NoSQL databases trade the relational model for specialized data models that offer horizontal scalability, schema flexibility, and purpose-built access patterns. The four major families — document, key-value, wide-column, and graph — each optimize for different query shapes and consistency trade-offs.
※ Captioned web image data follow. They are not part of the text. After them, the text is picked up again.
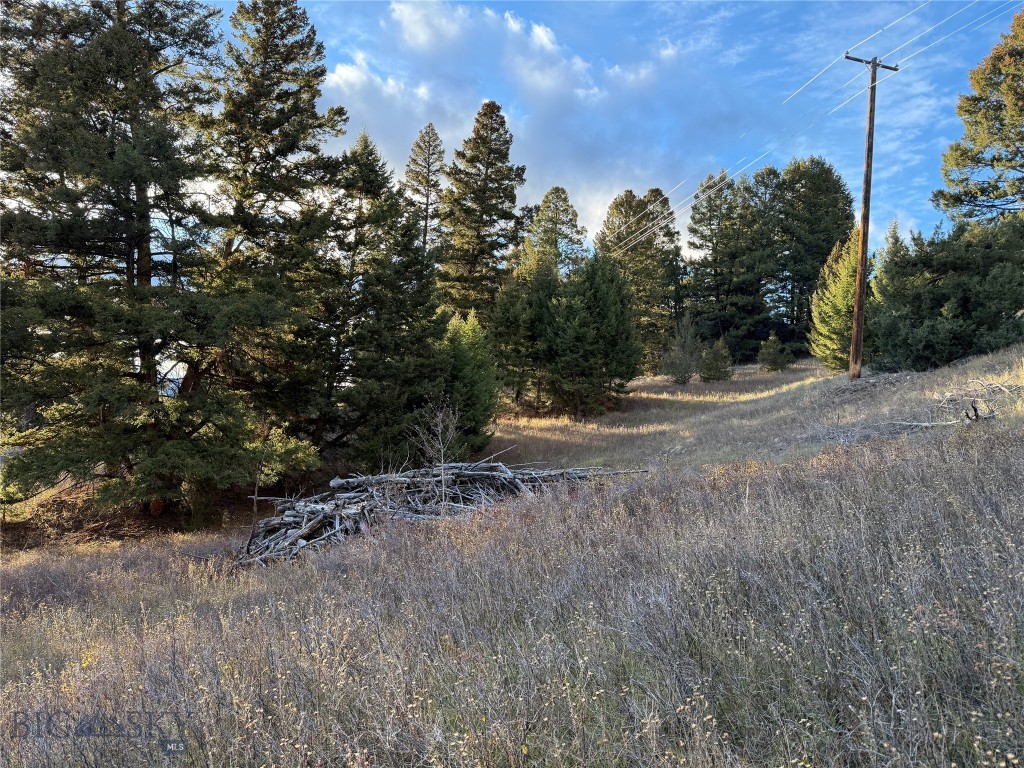 Lot 4 Scranton Lode Property Photo 22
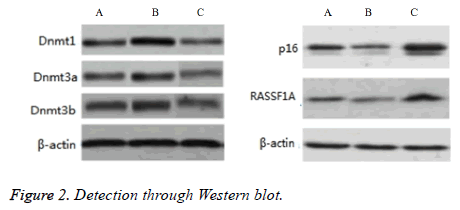 biomedres-Western-blot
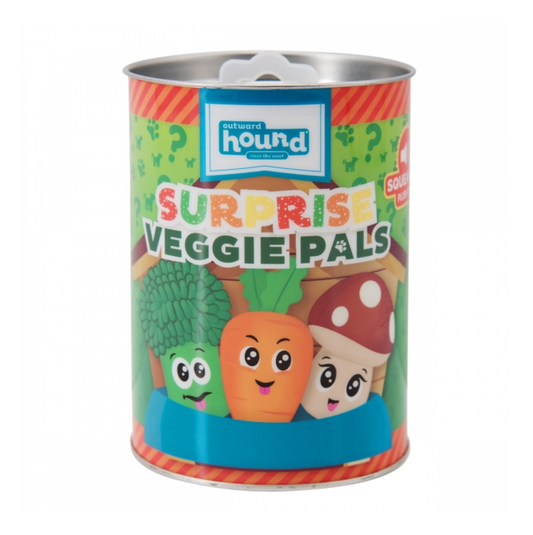 Outward Hound Surprise Veggie Pals XS - Juguetes para Perros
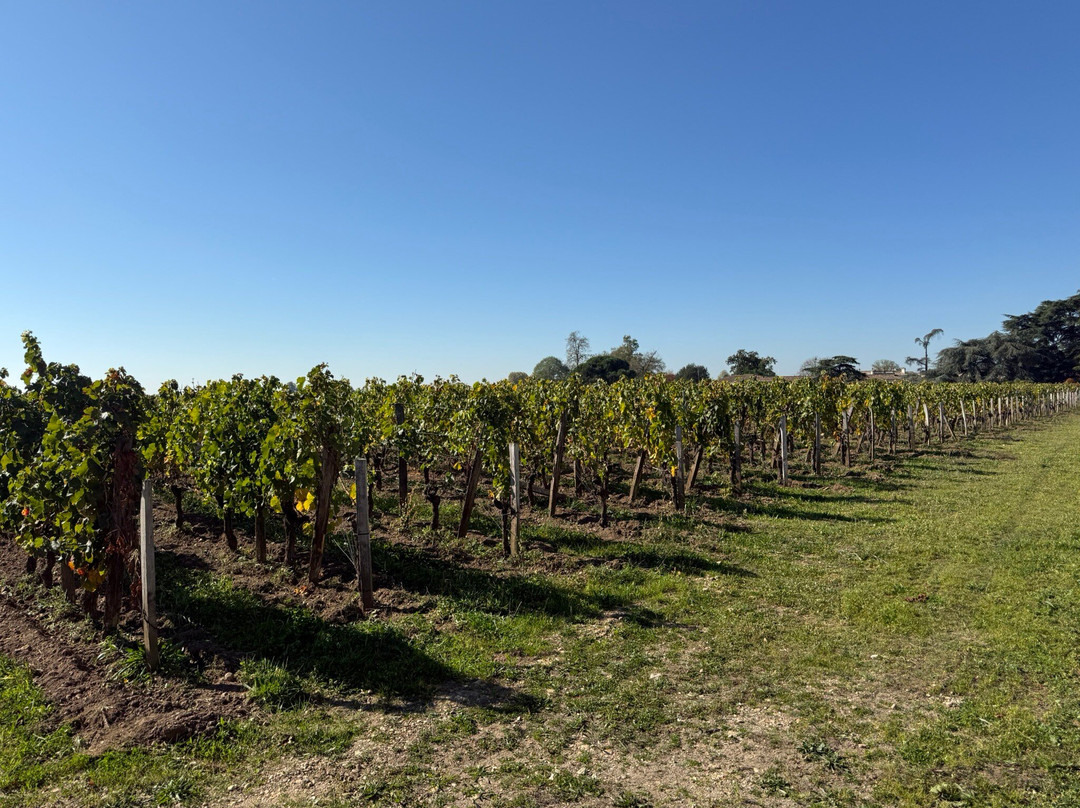 Château La Croix Saint Georges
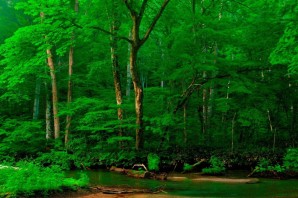 Красивые зеленые леса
Most NoSQL systems operate under BASE semantics (Basically Available, Soft-state, Eventually consistent) rather than strict ACID, though many modern engines (MongoDB 4+, DynamoDB transactions) now support multi-document ACID transactions.

Key Points

  • Document stores (MongoDB, Firestore, Couchbase) embed related data as JSON/BSON sub-documents, optimizing for reads that fetch an entity and its children in a single round-trip.
  • Key-value stores (Redis, DynamoDB in KV mode, Aerospike) provide O(1) lookups but no secondary indexes or range scans on values — the key is everything.
  • Wide-column stores (Cassandra, HBase, Bigtable) organize data as a sparse, distributed map sorted by row key; column families group co-accessed columns physically on disk.
  • Graph databases (Neo4j, Amazon Neptune, TigerGraph) store vertices and edges natively; traversals like "friends-of-friends within 3 hops" run in milliseconds vs multi-join SQL queries.
  • DynamoDB single-table design collapses multiple entity types into one table using composite primary keys and GSIs to avoid expensive JOIN-equivalent operations.
  • Cassandra write path: write to Memtable + CommitLog (durable), flush to SSTables, compact with Leveled or STCS compaction — optimized for write-heavy workloads.
  • MongoDB BSON supports up to 16 MB documents; use GridFS for larger binary objects; document arrays enable atomic updates via $push and $pull operators.
  • Vector databases (Pinecone, Weaviate, Qdrant) are a fifth emerging family: they store high-dimensional embeddings and serve approximate nearest-neighbor (ANN) queries.
TypeExamplesData ModelBest Use CasesWeak At
DocumentMongoDB, Firestore, CouchbaseJSON/BSON documents with nested objectsContent mgmt, catalogs, user profiles, mobile appsMulti-document joins, relational integrity
Key-ValueRedis, DynamoDB, AerospikeOpaque value behind a flat keySessions, caching, leaderboards, shopping cartsComplex queries, range scans on values
Wide-ColumnCassandra, HBase, BigtableRows + dynamic column familiesTime-series, IoT, activity feeds, write-heavy logsAd-hoc queries, secondary access patterns
GraphNeo4j, Neptune, TigerGraphVertices + typed edges + propertiesSocial graphs, fraud detection, recommendationsHigh-volume aggregate analytics
Search EngineElasticsearch, OpenSearch, SolrInverted index over JSON docsFull-text search, log analytics, faceted searchTransactional writes, strong consistency

Real-World Example

LinkedIn uses Apache Cassandra for member activity streams (billions of writes/day). Airbnb uses MongoDB for listing documents where all listing attributes are embedded. Twitter/X uses a mix of MySQL (core tweets) and Redis (timeline cache). Uber uses Cassandra for trip records due to its tunable consistency and multi-region active-active replication.